Town in Kasaragod district, Kerala, India

Balanthode (ബളാന്തോട്, /ml/; also written as Balamthodu) is a small hillside town in the eastern highlands of the Kasaragod district in Kerala, India. The town is situated within the Vellarikundu taluk and comes under the administration of the Panathady Grama Panchayat.

== Geography ==
Balanthode is located about 34 kilometers east of Kanhangad, right on the main road leading toward Panathur. It sits in the hilly terrain approaching the Western Ghats mountain range, near the forest borders of the Ranipuram ecosystem. The local economy is largely driven by agriculture, with hillsides dominated by rubber, areca nut, and black pepper farming.
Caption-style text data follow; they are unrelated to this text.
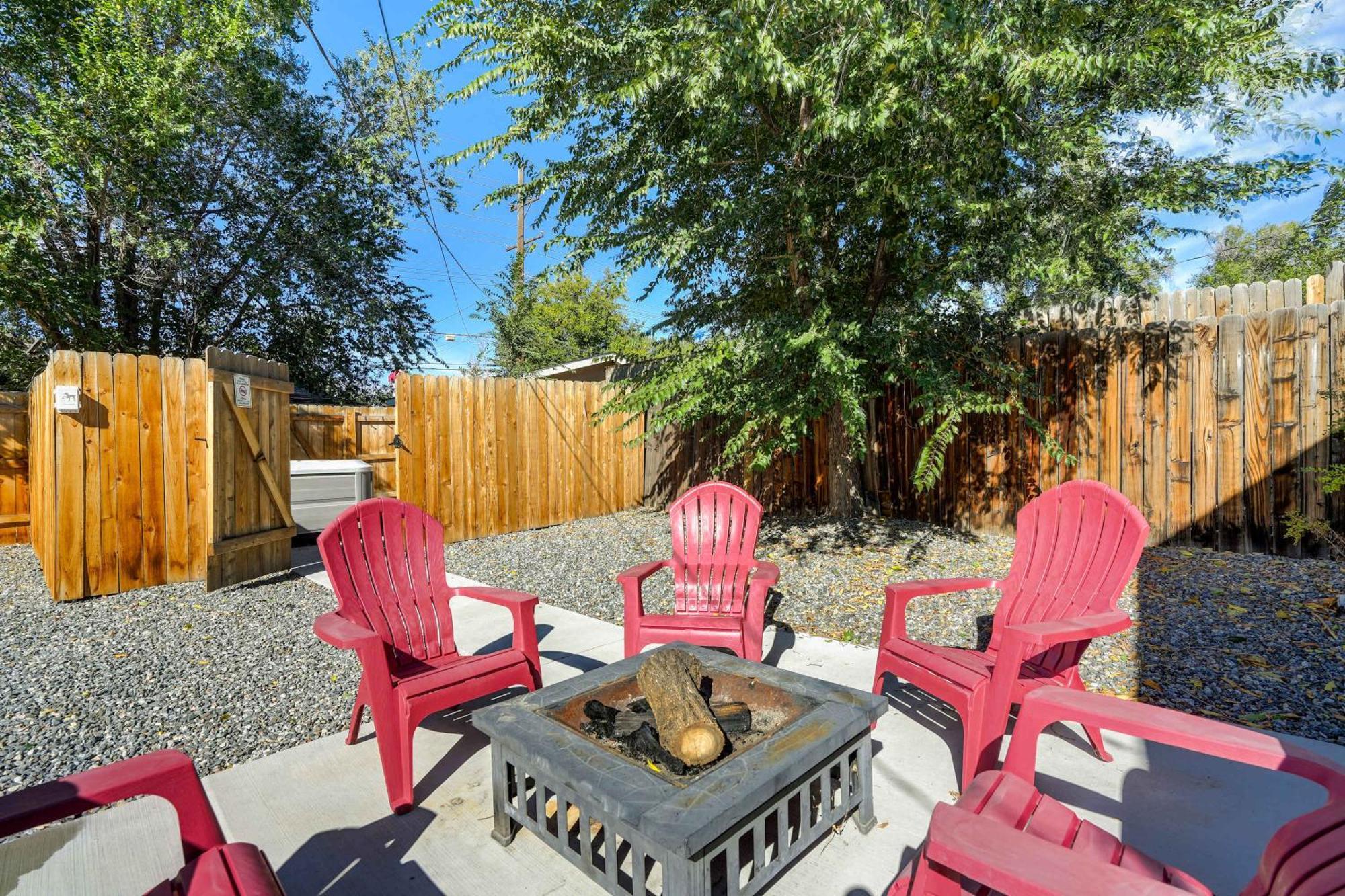 Holiday home Bonny Adventure Downtown W Hot Tub & Fire Pit *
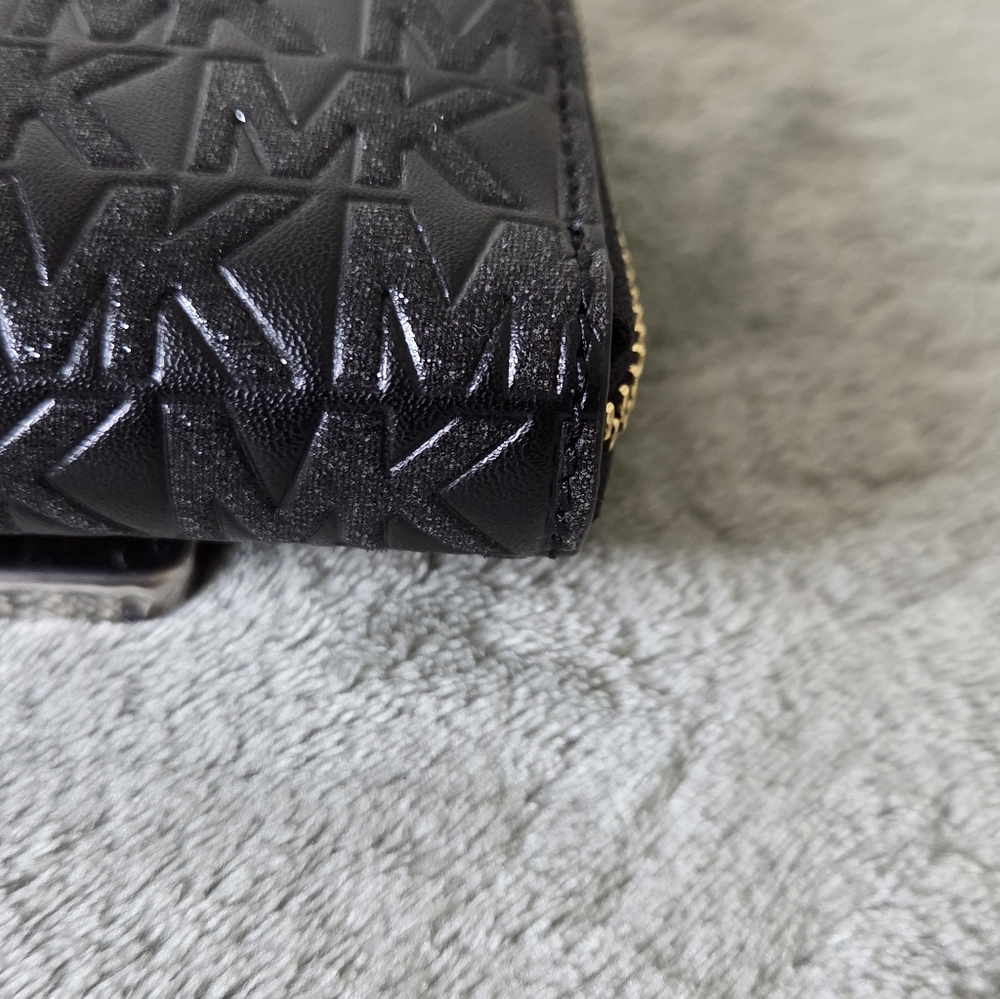 * Michael Kors MK Crimson Signature JetSet Travel Continental Large Wallet Black - Picture 9 of 13
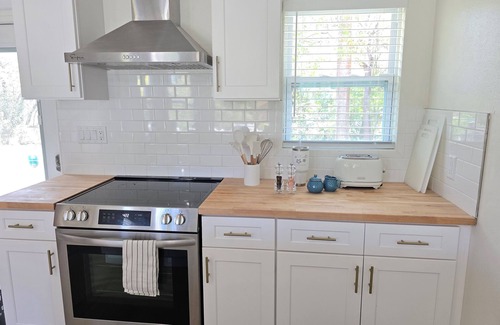 Great Exuma Villa | NUEVA villa JUSTO EN LA PLAYA de Hoopers Bay con jardines tropicales privados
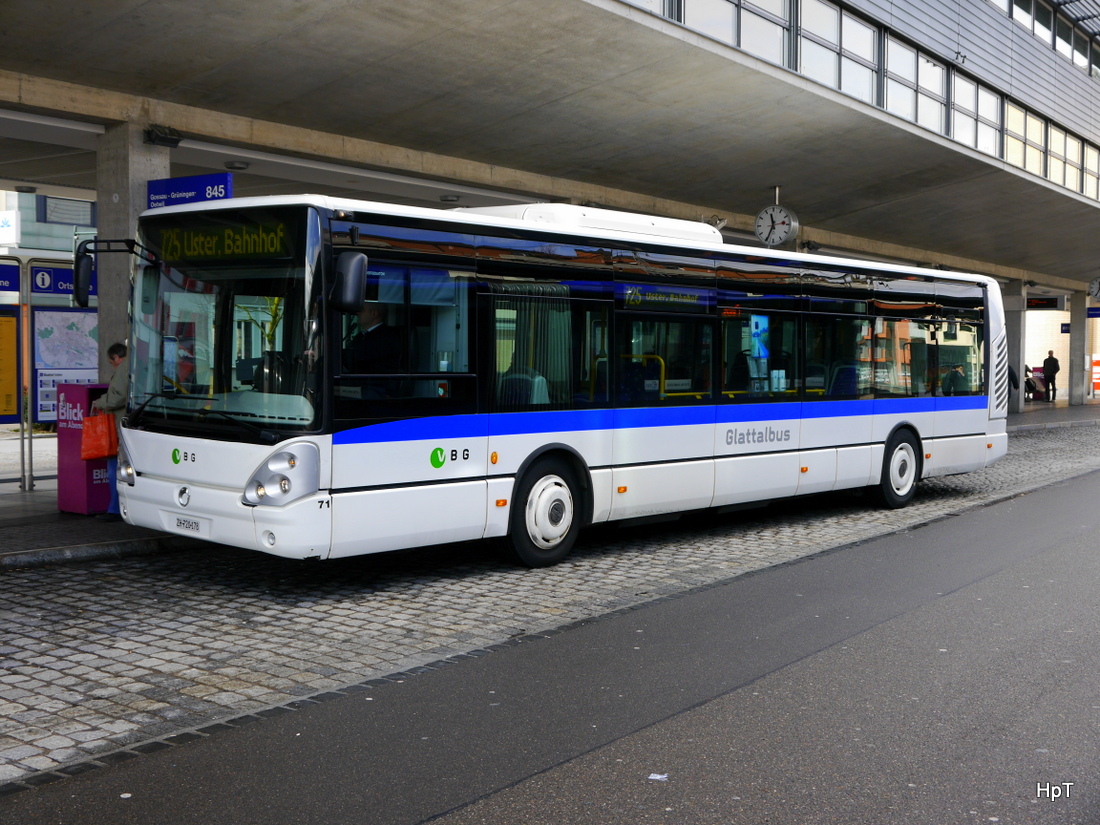 VBG - Irisbus Nr.71  ZH 720178 unterwegs auf der Linie 125 bei den Bushaltestellen neben dem Bahnhof Uster am 28.02.2015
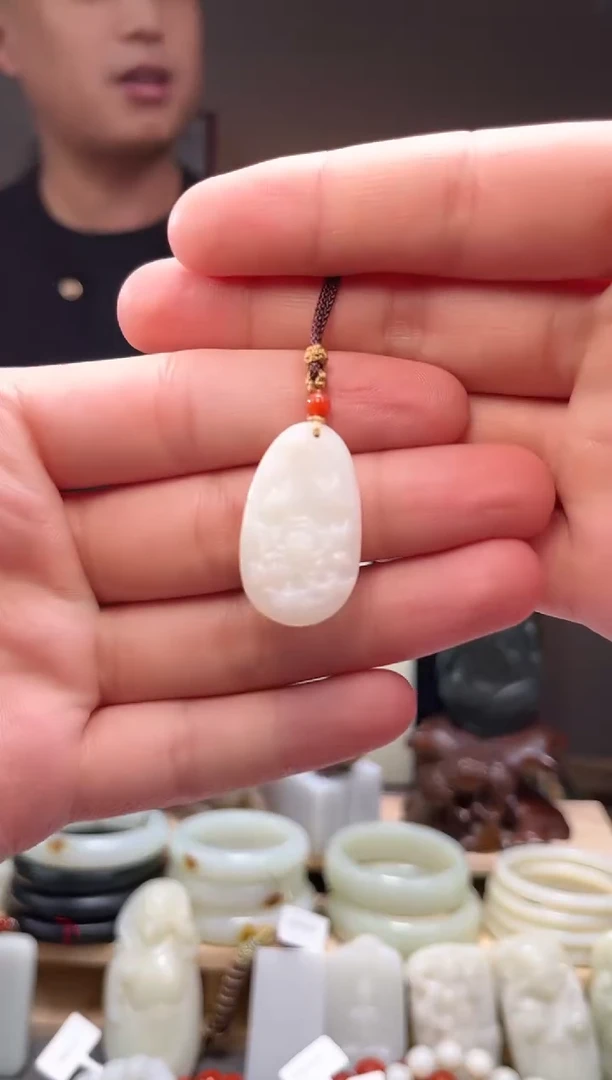 颈饰未镶嵌和田玉吊坠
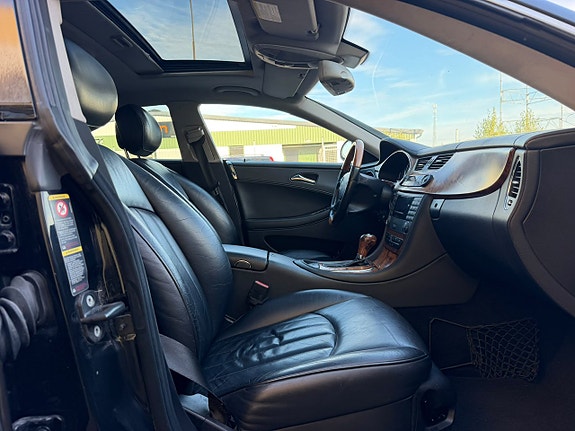 Mercedes-Benz CLS320 20 of 26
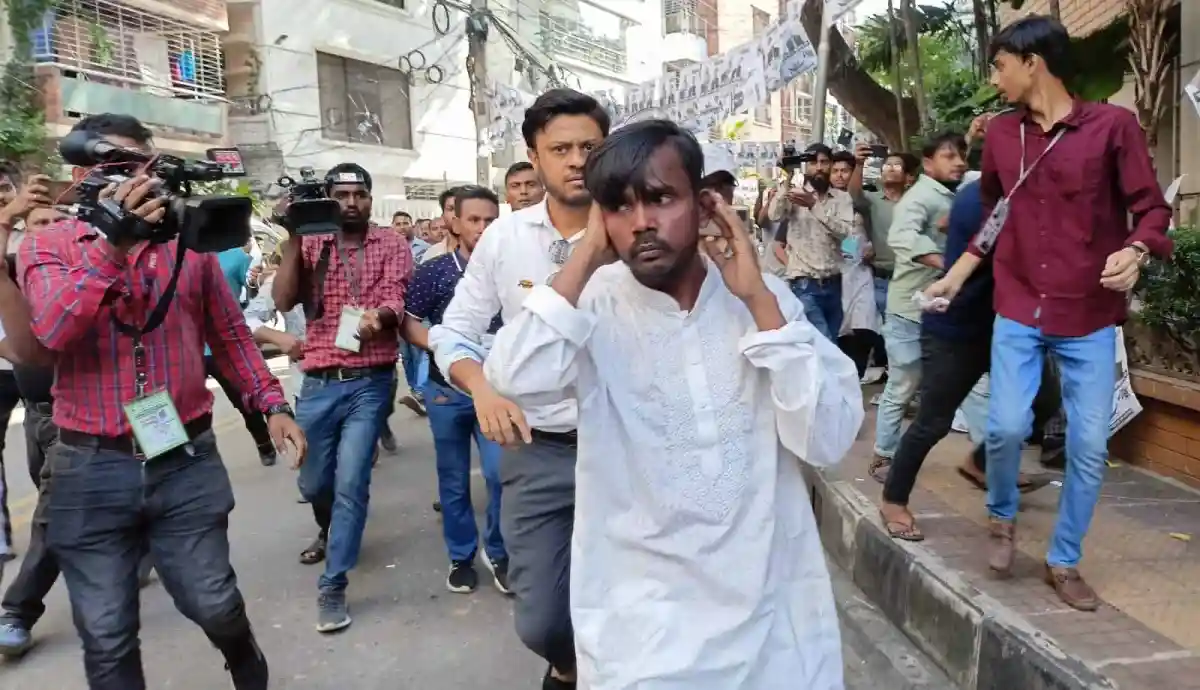 হিরো আলমের ওপর হামলার সময় ভোটকেন্দ্রের বাইরে জনতার ভিড়. Channel i News - চ্যানেল আই নিউজ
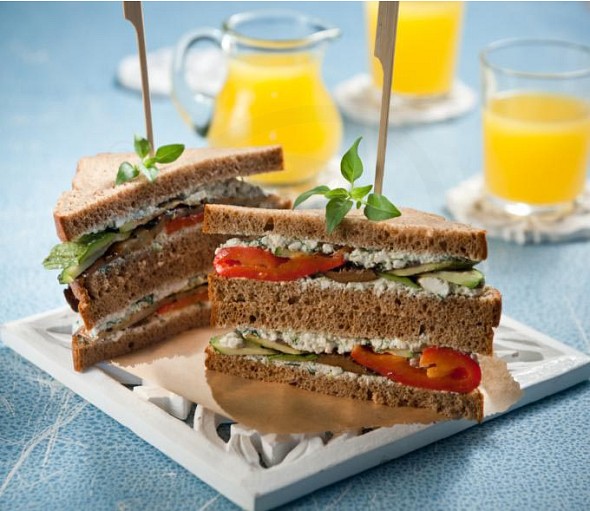 Square sandwich with grilled vegetables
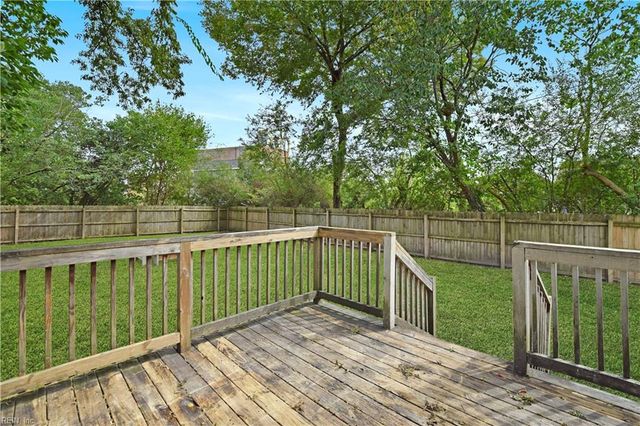 306 Wellons ST, Suffolk, VA 23434
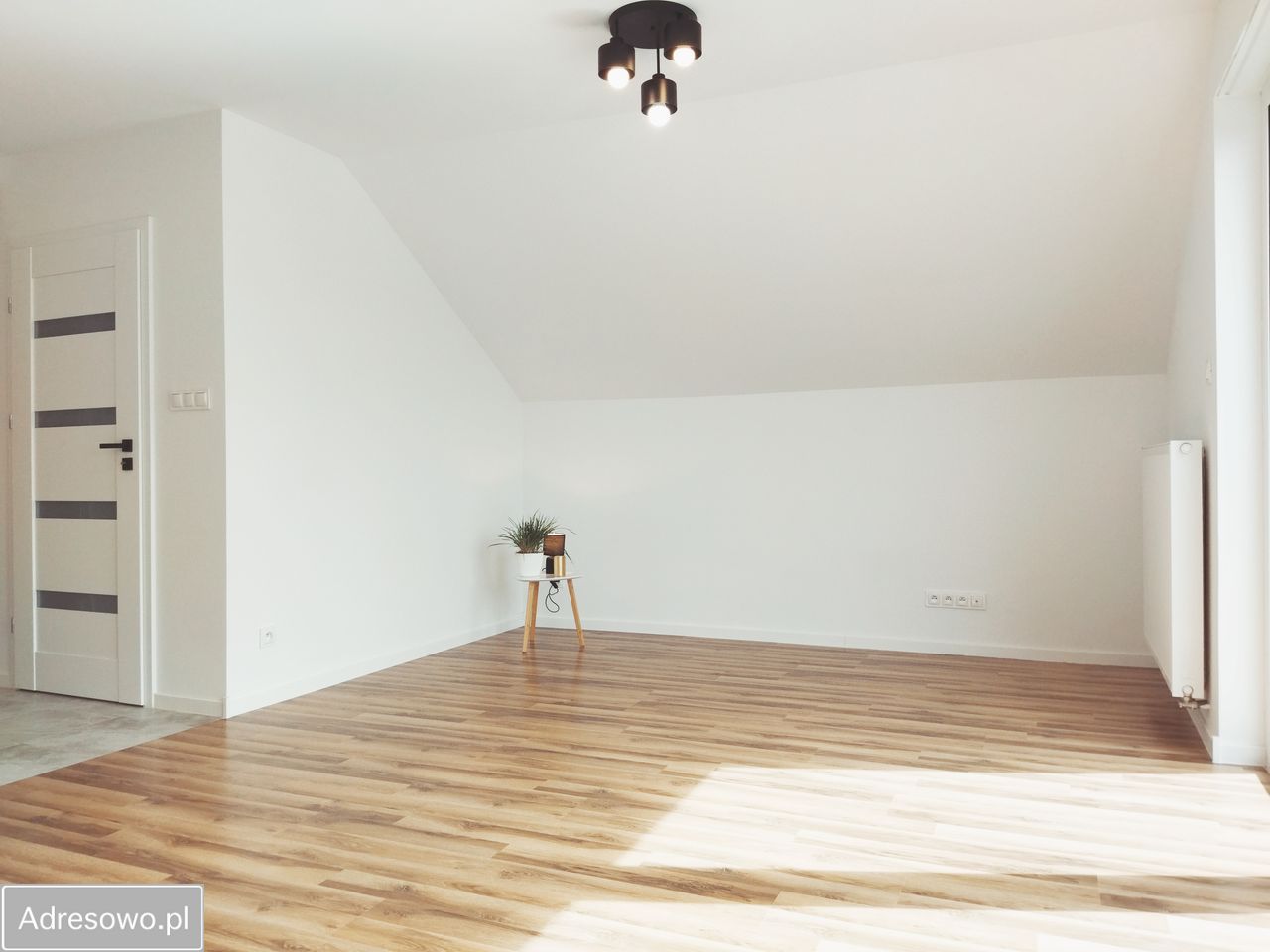 Mieszkanie 3-pokojowe Cerekwica. Zdjęcie 8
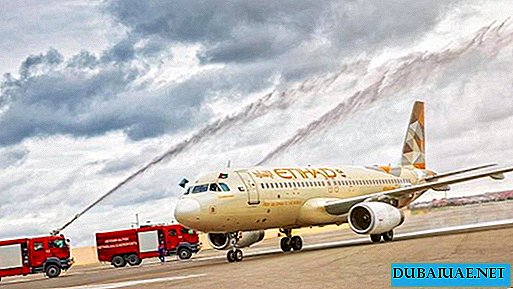 Etihad Airways meluncurkan penerbangan ke Baku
Like most highland areas of northern Malabar, the town receives heavy rainfall during the monsoon seasons.

== Community and education ==
The town functions as a central point for schooling and public amenities for families living in the surrounding rural countryside. The main educational institution is the Government Higher Secondary School (GHSS) Balanthode, which serves secondary school students from across the Panathady, Kallar, and Balal panchayats.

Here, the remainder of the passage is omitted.